Okay, so I stole that gag from Homer Simpson, and Kevin Smith has made a career out of debating the various scruples of Imperial contractors, but that just goes to show how far the Star Wars universe reaches. Without Star Wars, we wouldn’t be calling the Yankees the Evil Empire, Mel Brooks never would have made Spaceballs, and Tom Selleck probably would have played Indiana Jones. We’d also be without two of the all-time funniest sketches on Saturday Night Live: Bill Murray as lounge singer Nick Winters singing the Star Wars theme, and Kevin Spacey as Jack Lemmon, asking about the "fucking space ape" during his failed Star Wars screen test.

• Rumor has it that in the new film, there’s a lightsaber battle between two Jedis with the same-colored crystals — the first time this has ever happened (I’m betting on an Obi-Wan/Anakin fight with blue sabers, one of which eventually goes to Luke).
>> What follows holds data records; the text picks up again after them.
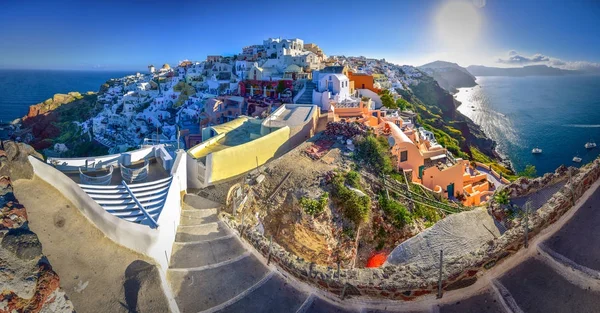 Oia città sull'isola di Santorini, Grecia. Case e chiese tradizionali e famose con cupole blu sulla Caldera, Mar Egeo — Foto Stock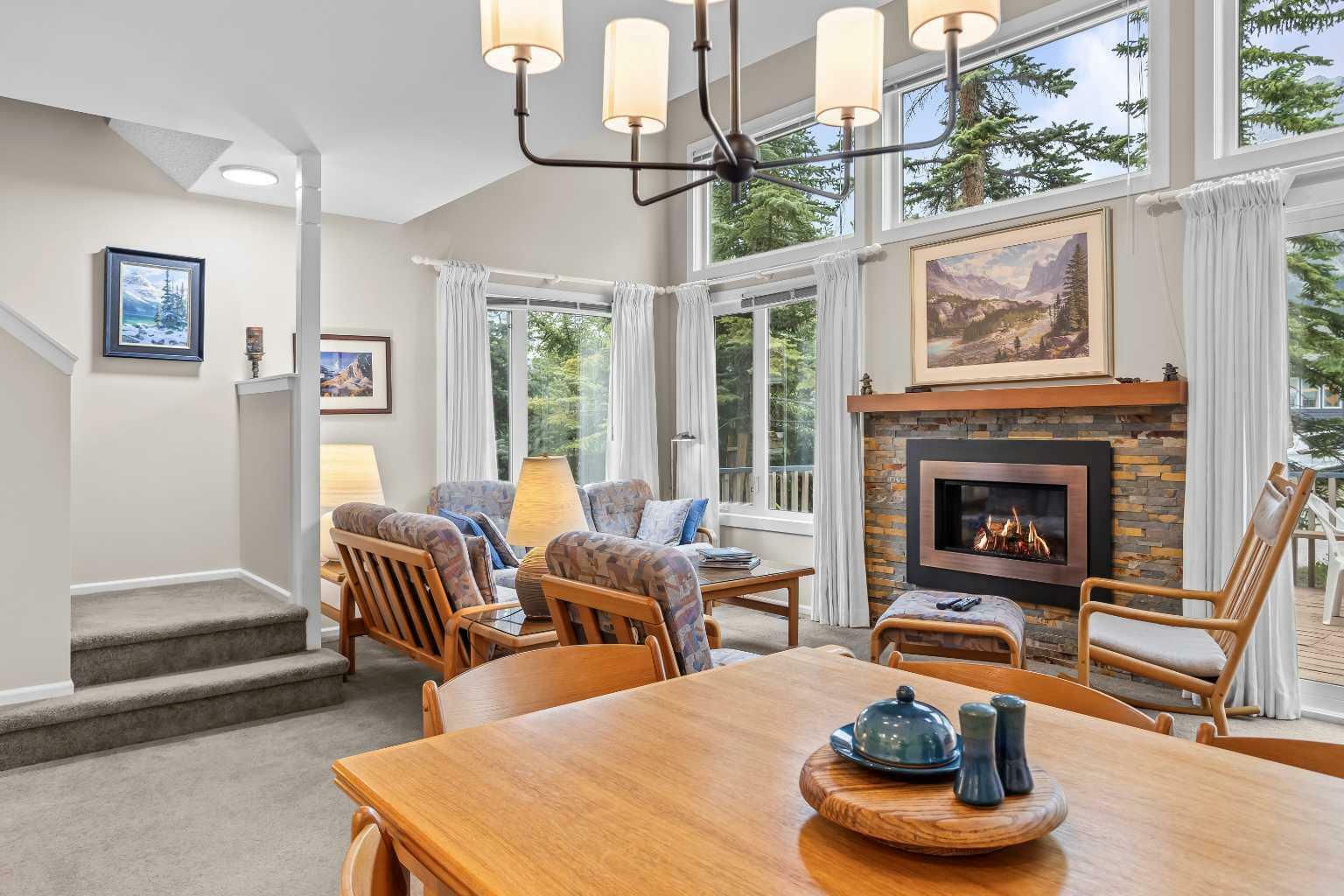 Photo de la propriété: 1065 Evergreen Circle 2 AB T1W 2P8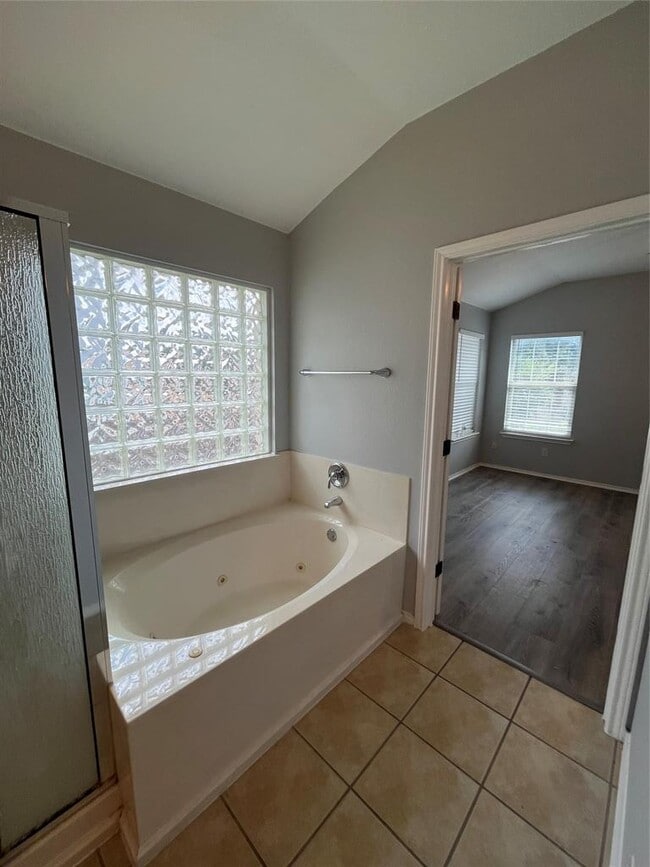 Building Photo - 14525 Ballimamore Dr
That alone would be worth the price of admission, but we also get to see who fells Mace Windu (you know he’s a goner; it’s either going to be a young Boba Fett, or some epic showdown with Dooku), and Senator — pardon me, Supreme Chancellor — Palpatine’s rise to the galactic throne. To say nothing of Obi-Wan and Yoda fleeing to the edges of the galaxy, and a full-on Wookiee army.

Sadly, there are myriad people who have already made up their minds to forgo the movie altogether. But I’ll be there, undoubtedly more than once, and I’ll be cheering along with the rest of the audience when the Lucasfilm logo flashes and the 20th Century Fox tune starts playing. And I’ll know that despite the inevitable ending, the Force will be with us, always.